Down to the final line, print each entry exactly.

━━━━

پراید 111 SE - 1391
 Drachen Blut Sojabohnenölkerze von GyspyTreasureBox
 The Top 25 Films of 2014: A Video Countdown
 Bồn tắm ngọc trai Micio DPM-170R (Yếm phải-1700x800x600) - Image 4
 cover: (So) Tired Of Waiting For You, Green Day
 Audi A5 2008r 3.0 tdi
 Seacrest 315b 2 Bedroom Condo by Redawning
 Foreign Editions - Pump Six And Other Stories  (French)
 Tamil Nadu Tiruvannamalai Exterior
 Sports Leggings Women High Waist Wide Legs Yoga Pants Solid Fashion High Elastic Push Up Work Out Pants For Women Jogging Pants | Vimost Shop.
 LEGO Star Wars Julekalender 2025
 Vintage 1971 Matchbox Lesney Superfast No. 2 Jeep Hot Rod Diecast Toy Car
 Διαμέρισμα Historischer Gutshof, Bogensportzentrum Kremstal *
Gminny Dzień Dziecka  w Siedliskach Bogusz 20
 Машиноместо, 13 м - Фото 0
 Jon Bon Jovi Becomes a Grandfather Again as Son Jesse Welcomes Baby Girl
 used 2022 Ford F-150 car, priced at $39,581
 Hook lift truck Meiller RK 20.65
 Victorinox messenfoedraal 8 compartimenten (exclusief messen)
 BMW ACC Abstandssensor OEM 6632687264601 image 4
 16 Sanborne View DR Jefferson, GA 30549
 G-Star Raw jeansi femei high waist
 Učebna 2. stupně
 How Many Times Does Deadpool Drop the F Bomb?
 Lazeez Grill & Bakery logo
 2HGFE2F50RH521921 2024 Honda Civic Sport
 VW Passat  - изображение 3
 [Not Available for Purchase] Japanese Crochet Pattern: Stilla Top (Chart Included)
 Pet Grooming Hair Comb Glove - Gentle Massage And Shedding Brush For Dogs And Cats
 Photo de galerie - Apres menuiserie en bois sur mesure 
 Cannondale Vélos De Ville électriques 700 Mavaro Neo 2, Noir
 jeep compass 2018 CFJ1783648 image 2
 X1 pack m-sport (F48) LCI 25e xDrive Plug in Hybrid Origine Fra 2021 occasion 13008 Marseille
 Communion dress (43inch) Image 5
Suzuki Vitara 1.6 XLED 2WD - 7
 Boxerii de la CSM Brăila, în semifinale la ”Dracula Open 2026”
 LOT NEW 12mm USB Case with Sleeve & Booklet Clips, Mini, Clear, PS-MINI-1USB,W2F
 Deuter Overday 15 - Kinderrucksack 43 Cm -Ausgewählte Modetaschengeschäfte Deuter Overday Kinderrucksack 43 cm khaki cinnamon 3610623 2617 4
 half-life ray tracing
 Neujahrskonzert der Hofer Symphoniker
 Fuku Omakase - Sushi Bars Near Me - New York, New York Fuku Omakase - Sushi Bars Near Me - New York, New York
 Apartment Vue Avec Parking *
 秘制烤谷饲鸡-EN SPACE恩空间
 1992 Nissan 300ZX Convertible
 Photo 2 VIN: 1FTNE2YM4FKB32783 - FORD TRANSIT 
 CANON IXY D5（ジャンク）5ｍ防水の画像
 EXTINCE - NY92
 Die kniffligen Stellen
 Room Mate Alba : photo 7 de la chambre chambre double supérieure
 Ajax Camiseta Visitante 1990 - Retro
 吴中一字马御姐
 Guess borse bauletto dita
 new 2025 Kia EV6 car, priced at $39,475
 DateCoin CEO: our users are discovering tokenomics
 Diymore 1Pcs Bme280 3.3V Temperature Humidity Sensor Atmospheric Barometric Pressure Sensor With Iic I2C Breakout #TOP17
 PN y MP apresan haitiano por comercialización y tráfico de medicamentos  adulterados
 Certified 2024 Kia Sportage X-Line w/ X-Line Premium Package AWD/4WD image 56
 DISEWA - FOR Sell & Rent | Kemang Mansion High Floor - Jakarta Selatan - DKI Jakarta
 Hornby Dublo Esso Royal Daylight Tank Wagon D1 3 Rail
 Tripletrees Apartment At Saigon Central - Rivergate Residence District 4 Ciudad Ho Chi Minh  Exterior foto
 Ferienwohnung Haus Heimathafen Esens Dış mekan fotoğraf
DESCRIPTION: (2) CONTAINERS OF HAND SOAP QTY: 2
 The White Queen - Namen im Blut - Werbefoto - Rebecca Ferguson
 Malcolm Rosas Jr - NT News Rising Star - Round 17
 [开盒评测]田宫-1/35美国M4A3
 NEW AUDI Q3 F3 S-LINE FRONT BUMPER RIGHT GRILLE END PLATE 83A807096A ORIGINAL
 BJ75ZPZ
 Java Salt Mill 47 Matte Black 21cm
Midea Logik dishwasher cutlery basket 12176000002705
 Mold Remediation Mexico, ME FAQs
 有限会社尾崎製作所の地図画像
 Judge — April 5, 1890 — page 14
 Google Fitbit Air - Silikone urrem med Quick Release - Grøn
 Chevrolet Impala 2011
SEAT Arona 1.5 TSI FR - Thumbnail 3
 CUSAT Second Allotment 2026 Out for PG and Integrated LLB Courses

━━━━

SOLUTION FOR THIS TASK –
پراید 111 SE - 1391
 Drachen Blut Sojabohnenölkerze von GyspyTreasureBox
 The Top 25 Films of 2014: A Video Countdown
 Bồn tắm ngọc trai Micio DPM-170R (Yếm phải-1700x800x600) - Image 4
 cover: (So) Tired Of Waiting For You, Green Day
 Audi A5 2008r 3.0 tdi
 Seacrest 315b 2 Bedroom Condo by Redawning
 Foreign Editions - Pump Six And Other Stories  (French)
 Tamil Nadu Tiruvannamalai Exterior
 Sports Leggings Women High Waist Wide Legs Yoga Pants Solid Fashion High Elastic Push Up Work Out Pants For Women Jogging Pants | Vimost Shop.
 LEGO Star Wars Julekalender 2025
 Vintage 1971 Matchbox Lesney Superfast No. 2 Jeep Hot Rod Diecast Toy Car
 Διαμέρισμα Historischer Gutshof, Bogensportzentrum Kremstal *
Gminny Dzień Dziecka  w Siedliskach Bogusz 20
 Машиноместо, 13 м - Фото 0
 Jon Bon Jovi Becomes a Grandfather Again as Son Jesse Welcomes Baby Girl
 used 2022 Ford F-150 car, priced at $39,581
 Hook lift truck Meiller RK 20.65
 Victorinox messenfoedraal 8 compartimenten (exclusief messen)
 BMW ACC Abstandssensor OEM 6632687264601 image 4
 16 Sanborne View DR Jefferson, GA 30549
 G-Star Raw jeansi femei high waist
 Učebna 2. stupně
 How Many Times Does Deadpool Drop the F Bomb?
 Lazeez Grill & Bakery logo
 2HGFE2F50RH521921 2024 Honda Civic Sport
 VW Passat  - изображение 3
 [Not Available for Purchase] Japanese Crochet Pattern: Stilla Top (Chart Included)
 Pet Grooming Hair Comb Glove - Gentle Massage And Shedding Brush For Dogs And Cats
 Photo de galerie - Apres menuiserie en bois sur mesure 
 Cannondale Vélos De Ville électriques 700 Mavaro Neo 2, Noir
 jeep compass 2018 CFJ1783648 image 2
 X1 pack m-sport (F48) LCI 25e xDrive Plug in Hybrid Origine Fra 2021 occasion 13008 Marseille
 Communion dress (43inch) Image 5
Suzuki Vitara 1.6 XLED 2WD - 7
 Boxerii de la CSM Brăila, în semifinale la ”Dracula Open 2026”
 LOT NEW 12mm USB Case with Sleeve & Booklet Clips, Mini, Clear, PS-MINI-1USB,W2F
 Deuter Overday 15 - Kinderrucksack 43 Cm -Ausgewählte Modetaschengeschäfte Deuter Overday Kinderrucksack 43 cm khaki cinnamon 3610623 2617 4
 half-life ray tracing
 Neujahrskonzert der Hofer Symphoniker
 Fuku Omakase - Sushi Bars Near Me - New York, New York Fuku Omakase - Sushi Bars Near Me - New York, New York
 Apartment Vue Avec Parking *
 秘制烤谷饲鸡-EN SPACE恩空间
 1992 Nissan 300ZX Convertible
 Photo 2 VIN: 1FTNE2YM4FKB32783 - FORD TRANSIT 
 CANON IXY D5（ジャンク）5ｍ防水の画像
 EXTINCE - NY92
 Die kniffligen Stellen
 Room Mate Alba : photo 7 de la chambre chambre double supérieure
 Ajax Camiseta Visitante 1990 - Retro
 吴中一字马御姐
 Guess borse bauletto dita
 new 2025 Kia EV6 car, priced at $39,475
 DateCoin CEO: our users are discovering tokenomics
 Diymore 1Pcs Bme280 3.3V Temperature Humidity Sensor Atmospheric Barometric Pressure Sensor With Iic I2C Breakout #TOP17
 PN y MP apresan haitiano por comercialización y tráfico de medicamentos  adulterados
 Certified 2024 Kia Sportage X-Line w/ X-Line Premium Package AWD/4WD image 56
 DISEWA - FOR Sell & Rent | Kemang Mansion High Floor - Jakarta Selatan - DKI Jakarta
 Hornby Dublo Esso Royal Daylight Tank Wagon D1 3 Rail
 Tripletrees Apartment At Saigon Central - Rivergate Residence District 4 Ciudad Ho Chi Minh  Exterior foto
 Ferienwohnung Haus Heimathafen Esens Dış mekan fotoğraf
DESCRIPTION: (2) CONTAINERS OF HAND SOAP QTY: 2
 The White Queen - Namen im Blut - Werbefoto - Rebecca Ferguson
 Malcolm Rosas Jr - NT News Rising Star - Round 17
 [开盒评测]田宫-1/35美国M4A3
 NEW AUDI Q3 F3 S-LINE FRONT BUMPER RIGHT GRILLE END PLATE 83A807096A ORIGINAL
 BJ75ZPZ
 Java Salt Mill 47 Matte Black 21cm
Midea Logik dishwasher cutlery basket 12176000002705
 Mold Remediation Mexico, ME FAQs
 有限会社尾崎製作所の地図画像
 Judge — April 5, 1890 — page 14
 Google Fitbit Air - Silikone urrem med Quick Release - Grøn
 Chevrolet Impala 2011
SEAT Arona 1.5 TSI FR - Thumbnail 3
 CUSAT Second Allotment 2026 Out for PG and Integrated LLB Courses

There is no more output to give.